Bad Spanish speakers may say that an archer in Spanishnote is "el bow", and a British idiom for firing someone is to 'give them the elbow'. Combine that to 'give them the Spanish archer", and you've got yourself a TV show... got all that?
In short, a Spanish archer called "El Bow" hosts this low-budget 30-minute spectacle. An act comes on, then one minute in El Bow gives the audience a chance to show their approval or disapproval. If the audience like the act, they complete the full three minutes given to them and are given a Seville orange, of course. If the audience hate it, El Bow fires an arrow at a cardboard cutout of a bull and the performer is given the Spanish Archer by a literal swinging elbow. At the end, the audience (or sometimes a panel of 'judges') vote for their favourite out of the ones they liked, who wins a small toy donkey.

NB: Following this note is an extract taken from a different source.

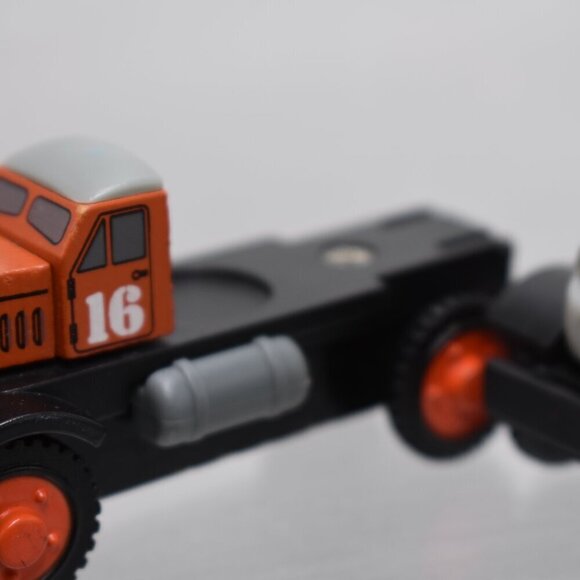 Max 15 and Monty 16 Truck Flatbed NO DUMP BIN Thomas & Friends Wooden Railway - Picture 6 of 11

Anyone could take part, as long as their act was pre-watershed. Needless to say the critics hated this, but it got a small but loyal cult following. Probably ripe for a reboot too.

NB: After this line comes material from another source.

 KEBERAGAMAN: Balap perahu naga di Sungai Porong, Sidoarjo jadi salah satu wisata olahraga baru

This show contains the following tropes:
- The Alcoholic: Implied about El Bow by Pedro in one of his songs.
- Pedro: Sonny is an impressionist from the North East, / She loves skiing, she loves being on the piste. / El Bow does and so does me, / There's nothing we like better than a bit of après ski...
- Audience Participation: In episodes where the judges - called the Tres Sombreros on the show - weren't present, the audience voted themselves.

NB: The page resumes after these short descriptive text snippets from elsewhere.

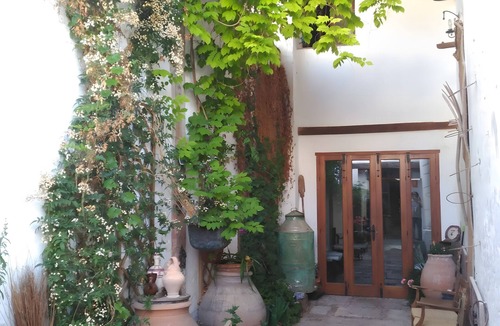 Villarrubia de Santiago Apartment | Room 'Habitación 3' with Private Garden, Wi-Fi and Air Conditioning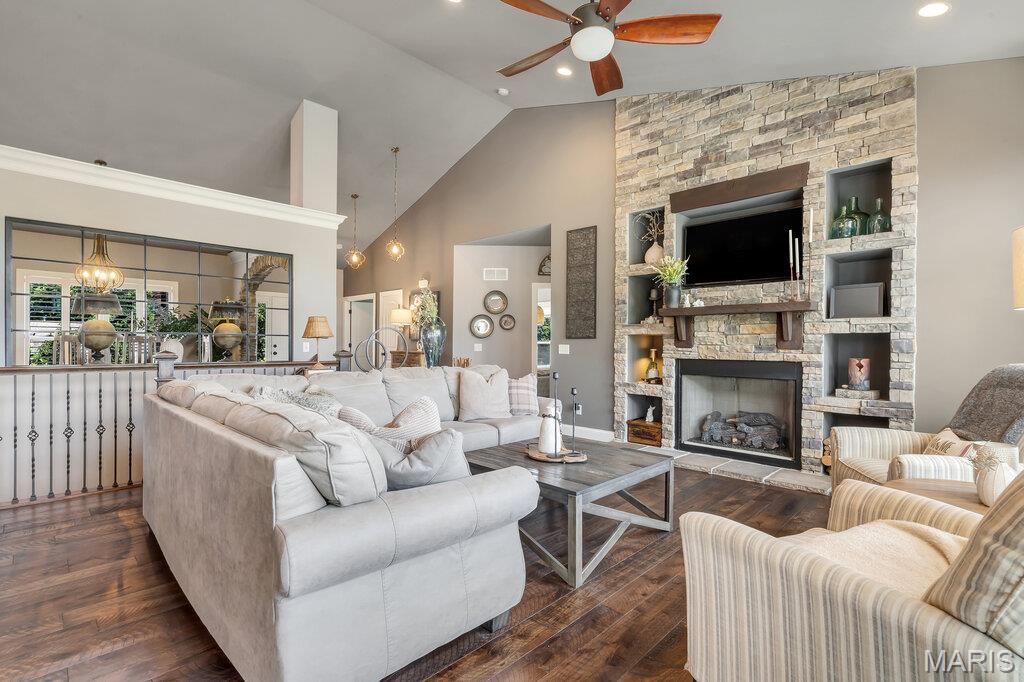 Mallard Pointe - Residential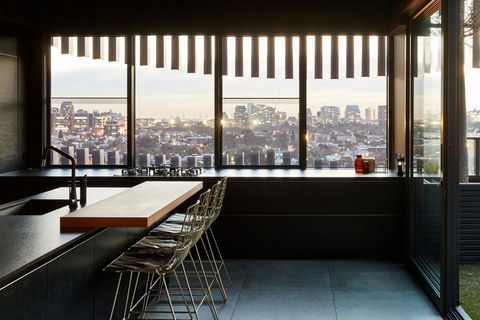 Birdcage Penthouse Luxury Melbourne Ultra Modern Industrial Chic - Accommodation Cairns 1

- Bumbling Sidekick: Pedro Paella, the Espexicañol guitarist who banters with El Bow.
- Catchphrase: El Bow's "A little question now to get you into the mood of Spain", followed by the quiz question.
- Fauxreigner: Played for laughs. El Bow has a surprisingly Welsh accent, and exaggerates it.
- Exaggerated when El Bow is ill and replaced by Welshwoman Ruth Madoc.
- El Spanish "-o": For linguists, you'll need a bottle of el vino or three to appreciate this masterpiece of a Translation Train Wreck.
- Fake Guest Star: Sunny Sky, an impressionist from the North East who lived in London and did a gag on this show every week, was only ever a recurring contestant.
- Fun with Subtitles: Every act would have a comedy caption scroll across the screen.
- Sunny is actually wearing one of the latest wigs from the Pedro Paella collection... but she hasn't been to the Pedro school of comedy - she's actually quite funny!!
- Gender Bender: Downplayed. Ruth Madoc occasionally substitutes for Rhodri Williams when he's ill and can't play the Archer.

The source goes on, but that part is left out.